Harvesting of Medjool dates in Israel has been increasing over the last couple of weeks as harvesting of Bari dates winds down. This year’s Medjool crop is expected to be 10 percent larger than the previous season, as Medjools continue to be popular in Europe.
Production of Bari dates, south of the Dead Sea, wrapped up this week and harvesting in the northern part of Israel will continue for a couple of more weeks. Production of Medjool dates, on the other hand, is on the upswing. Harvesting began in the southern part of the country and will move north over the next few weeks. Medjool production is expected to last through August, though product will be available from storage throughout the year. “There are more growers and many growers have planted more trees,” said Field Produce Marketing’s CEO- Avi Dagul, explaining why there’s a 10 percent bump in production this year. “You have to wait between six to seven years from the time you plant a date tree until it yields fruit, and we are seeing more young trees reach maturity.”
More growers are entering the Medjool date business because that variety has been very popular in Europe. Attractive prices, which spur more growers into planting dates, are partly affected by the lack of competition during the Israeli export season.
“Tunisia only has Deglet Nour dates, so there is no competition there,” noted Avi. “The U.S. and Mexico mainly sell their dates in North America. South Africa only has small quantities and their season doesn’t overlap with ours. There are new plantings in Morocco, Jordan and Egypt, but those trees are not producing fruit yet. It will take five or six years before we’ll see competition, but then it will be a tough one.”

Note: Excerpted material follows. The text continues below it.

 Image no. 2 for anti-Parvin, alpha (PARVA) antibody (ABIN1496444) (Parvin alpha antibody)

For now, Israeli exporters enjoy good value from the European market, which takes about 80 percent of Israeli Medjool export shipments. Avi laments the fact that there’s no coordinated marketing effort between all of the country’s exporters, but that hasn’t been a problem so far because the market has been so good.

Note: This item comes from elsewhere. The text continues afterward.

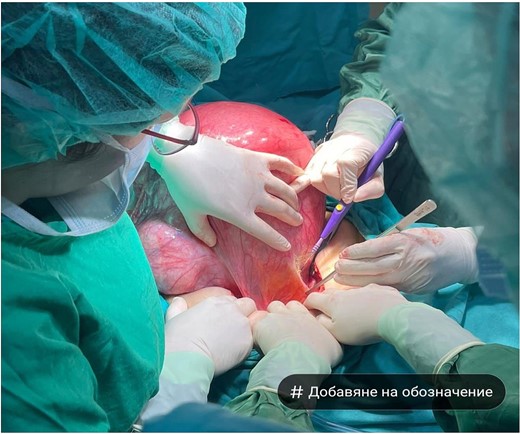 Macroscopic view of a large cystadenoma of the left ovary—lower median laparotomy.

“Demand for Medjools grows every year,” he said. “The problem is not really demand. Our biggest problem is the exchange rate between shekels and euros, as well as the problem with the United Kingdom leaving the European Union.” He added that shippers are looking into Asian markets in order to mitigate the effects of any problems with the European market, but that’s still a work in progress.
As far as diversifying product offerings, Avi pointed out the success of the Bonbon variety, which is a premium date that has gained a devoted Market following France. Though not widely available, the variety has established a niche market among consumers who appreciate high quality dates.
“We have to invest in the Bonbon to increase the market for it,” said Avi. “It’s a very tasty fruit, but the logistic demands are significant because it requires special treatment.”